__ASSIGNMENT__.
Where the line holding "215 Songbird Trl" appears, start copying, and continue exactly through the last line of the listing, skipping pictures.

__STORED DATA__.
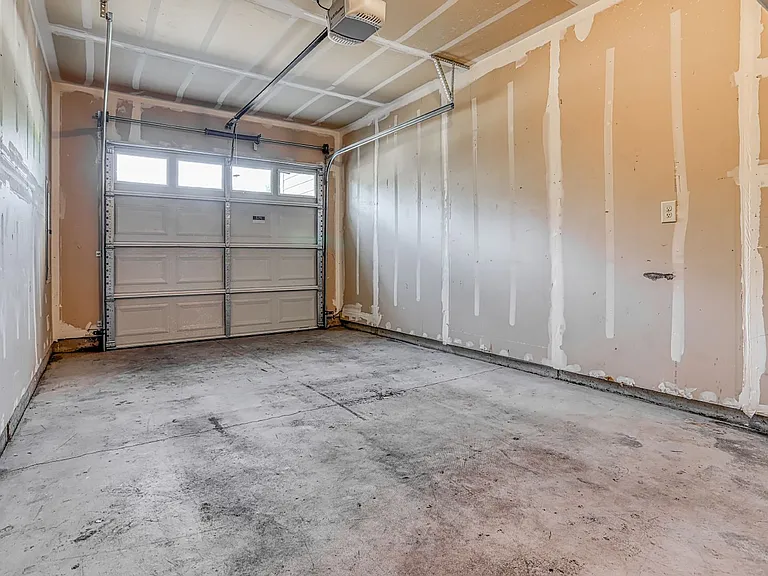 8226 NE 20th St — Photo 24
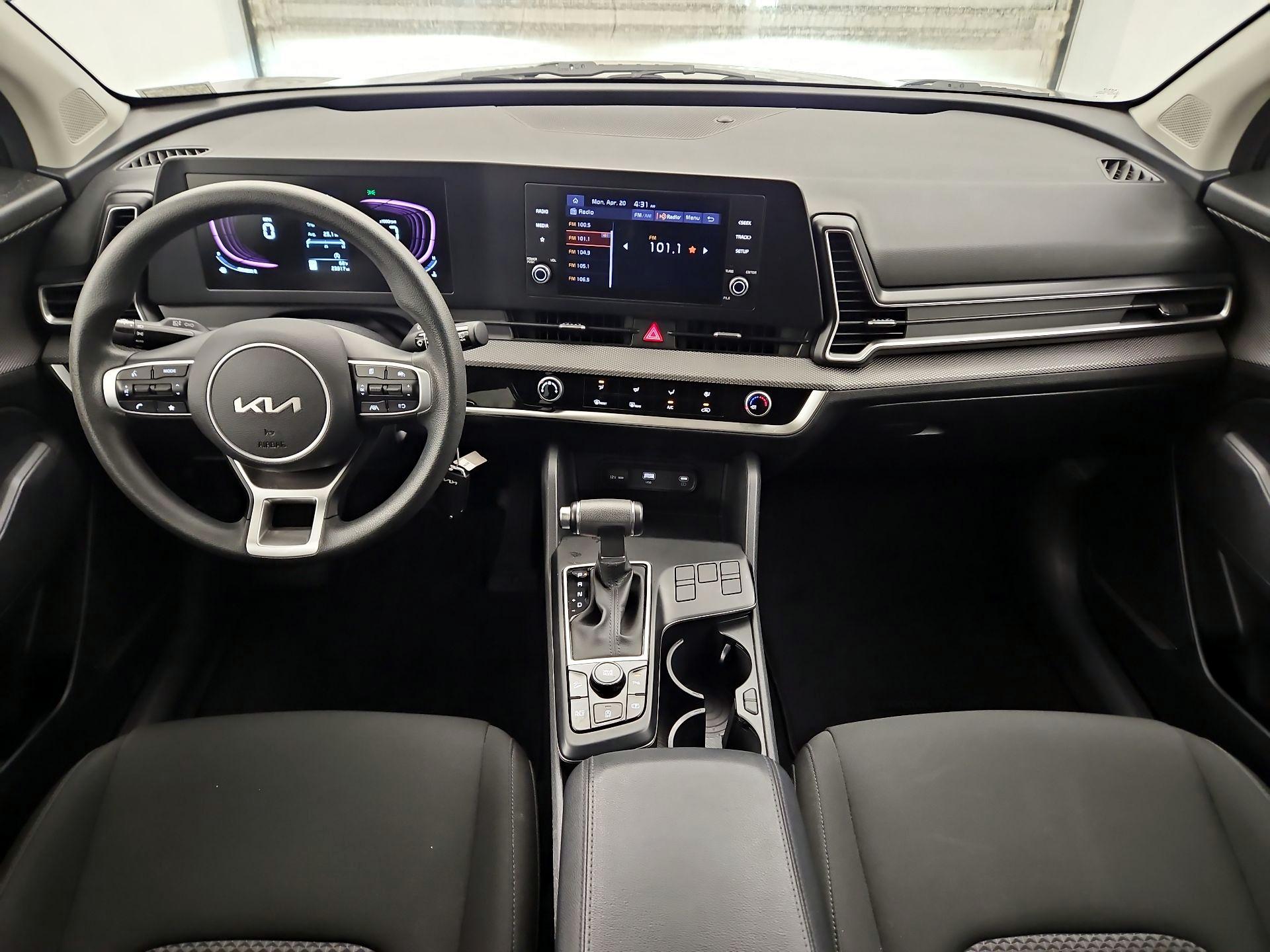 Thumbnail: 2023 Kia Sportage - 9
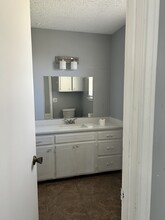 215 Songbird Trl in Keene, TX - Foto de edificio - Building Photo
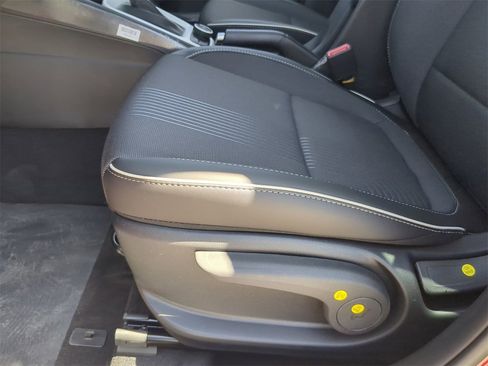 New 2025 Hyundai Venue Limited image 19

__RESULT OF THIS TASK__.
 215 Songbird Trl in Keene, TX - Foto de edificio - Building Photo
 New 2025 Hyundai Venue Limited image 19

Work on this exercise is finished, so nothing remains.